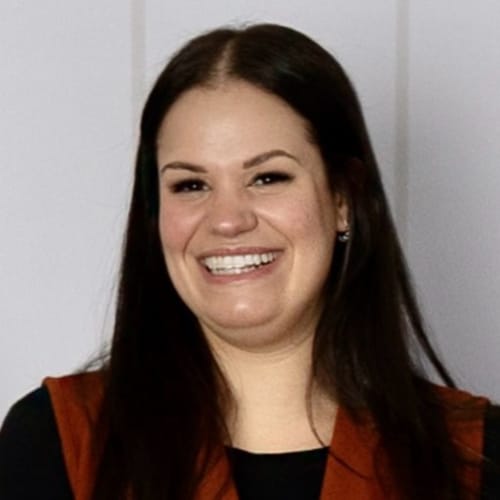 Headshot of Lyanne Ventura, LCSW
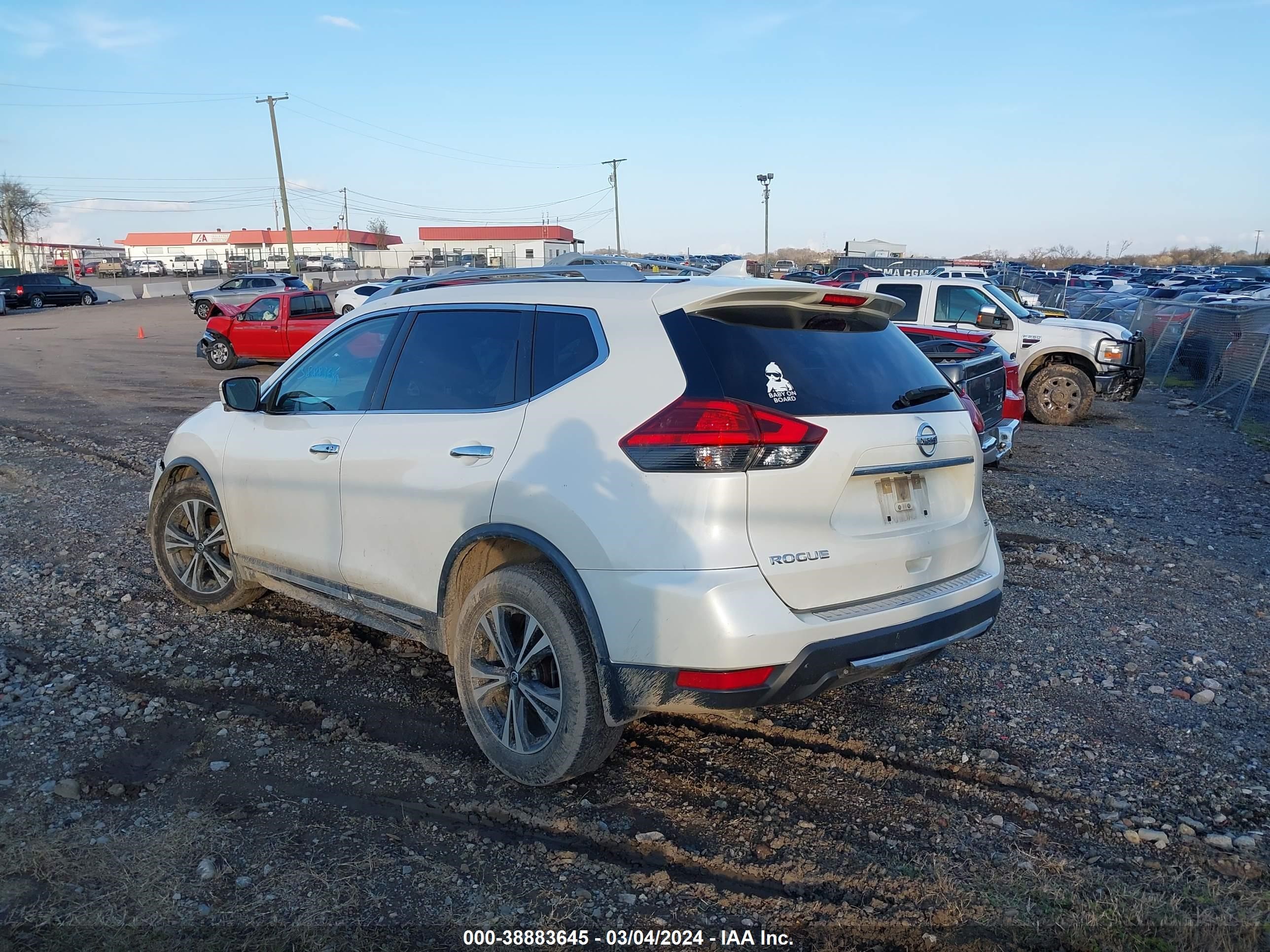 Photo 2 VIN: JN8AT2MT6HW405059 - NISSAN ROGUE 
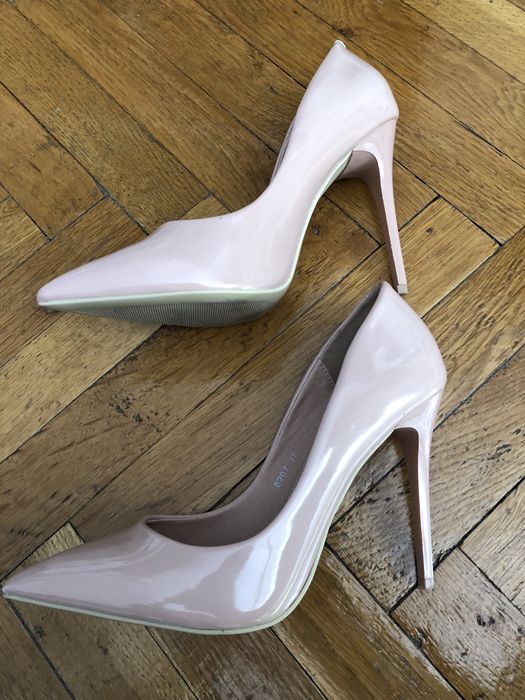Pantofi stiletto bej, marimea 37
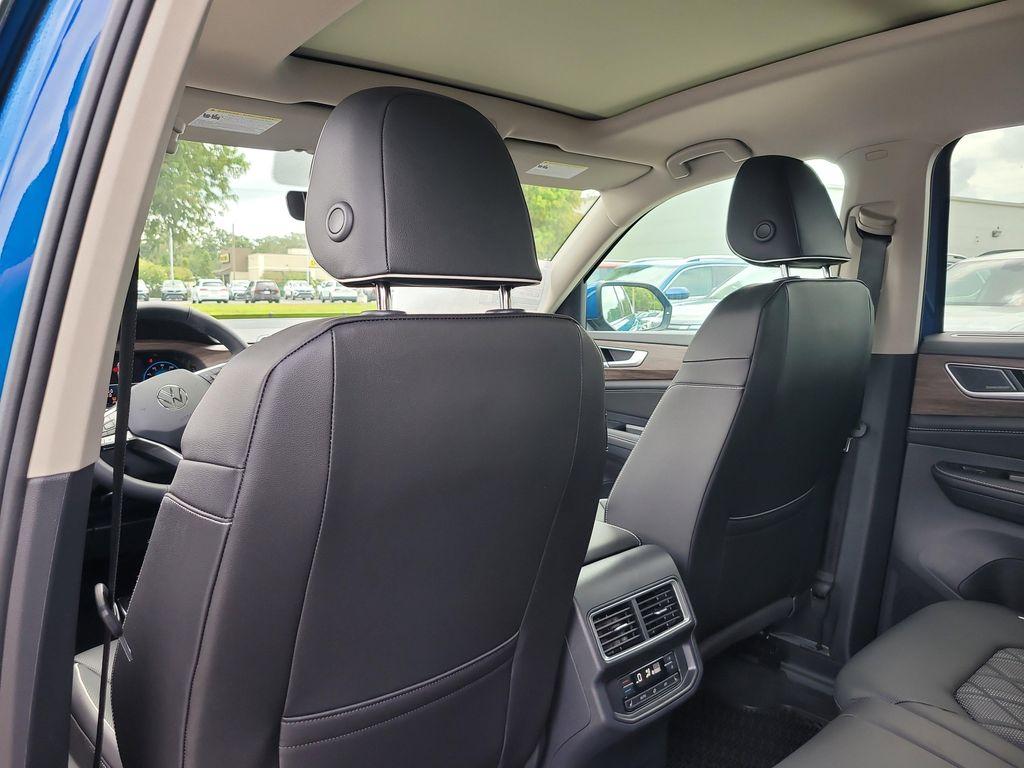 new 2026 Volkswagen Atlas car, priced at $54,301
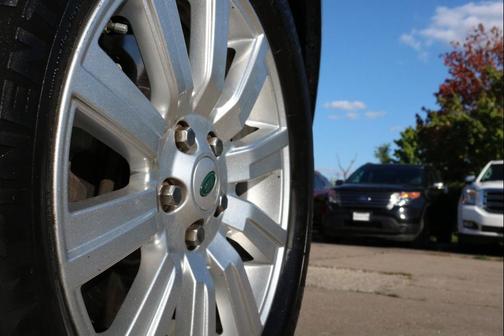 2013 Land Rover LR4 Base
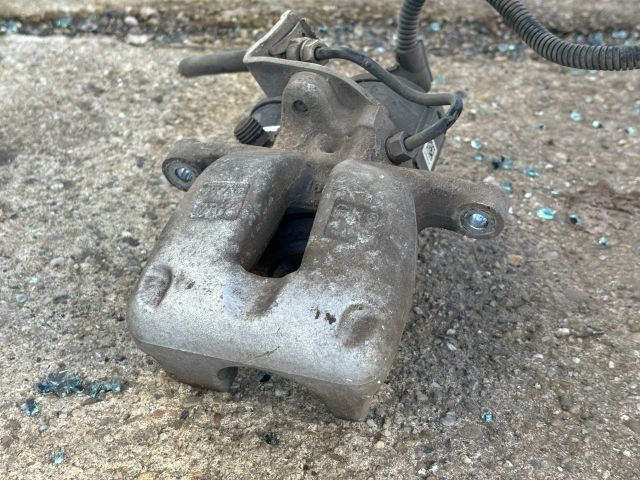 bontott VW PASSAT B6 Jobb hátsó Féknyereg Munkahengerrel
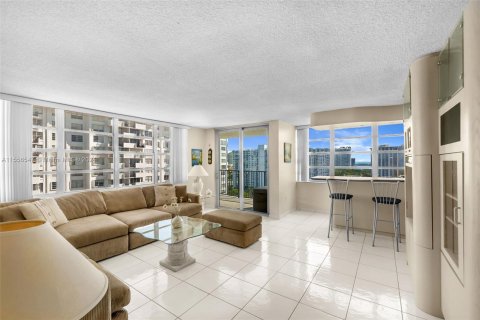 Copropriété à vendre à Aventura, Floride: 2 chambres, 114.46 m2 № 1078314 - photo 3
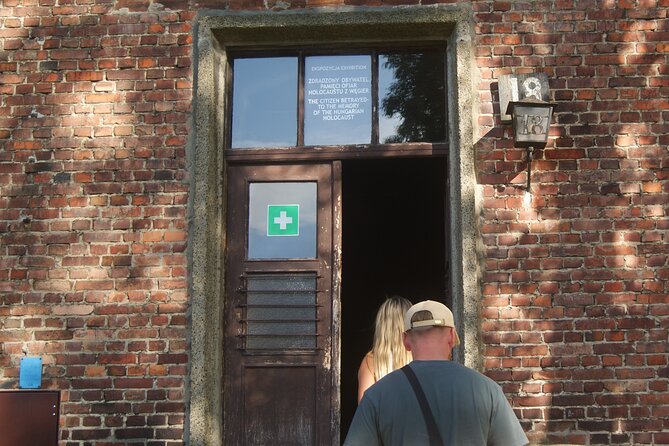 Auschwitz-Birkenau Tour with Transfer - Waiting, queues, and the risk of a rushed visit
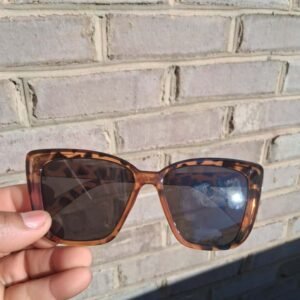 Leopard Chic Cateye Frames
___
# Your assignment
The copy must begin with the line containing "bontott VW PASSAT", end with the last line of the material, match each line exactly, and hold no pictures.

# Final answer
 bontott VW PASSAT B6 Jobb hátsó Féknyereg Munkahengerrel
 Copropriété à vendre à Aventura, Floride: 2 chambres, 114.46 m2 № 1078314 - photo 3
 Auschwitz-Birkenau Tour with Transfer - Waiting, queues, and the risk of a rushed visit
 Leopard Chic Cateye Frames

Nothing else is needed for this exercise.